• _DATA SECTION_:
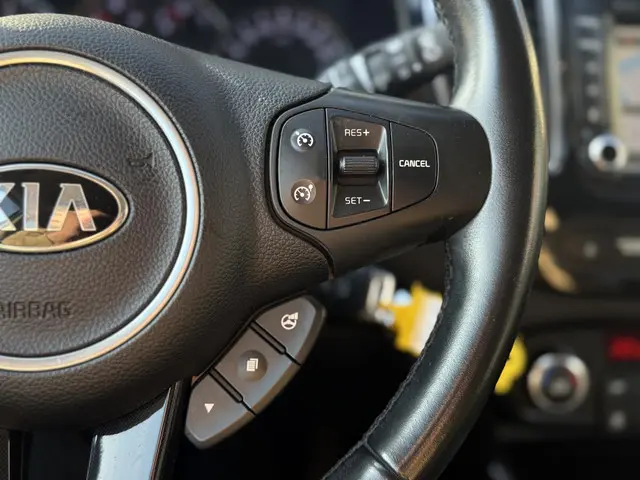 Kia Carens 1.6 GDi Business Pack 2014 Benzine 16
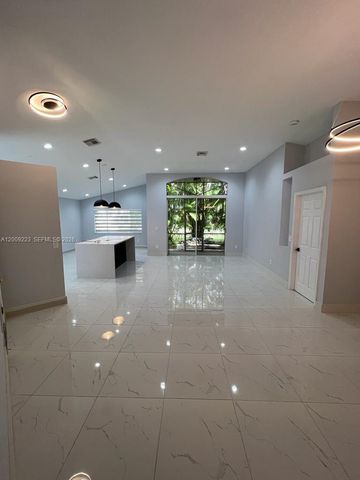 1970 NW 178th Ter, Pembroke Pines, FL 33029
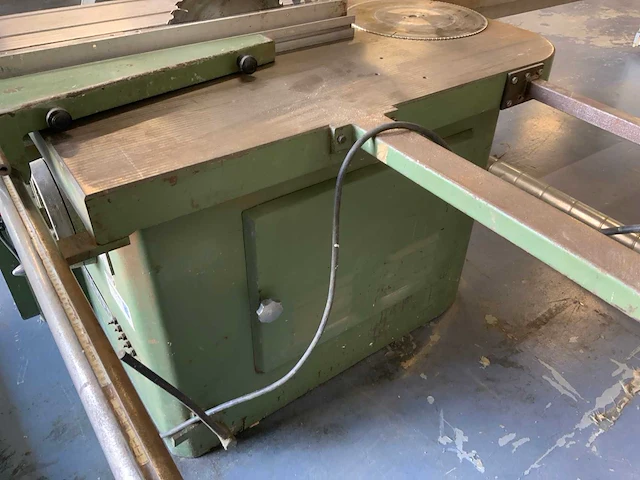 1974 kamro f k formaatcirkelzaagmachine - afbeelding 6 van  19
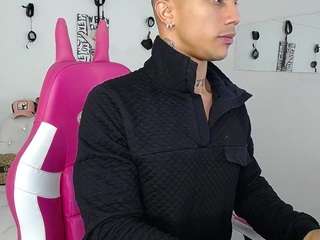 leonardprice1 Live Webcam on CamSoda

• _WHAT IS BEING ASKED_: Find the line that contains "1970 NW 178th Ter, Pembroke Pines, FL 33029". Copy it and every line after it through the end of the listing exactly, but not the pictures.

• _PROBLEM SOLUTION_:
 1970 NW 178th Ter, Pembroke Pines, FL 33029
 1974 kamro f k formaatcirkelzaagmachine - afbeelding 6 van  19
 leonardprice1 Live Webcam on CamSoda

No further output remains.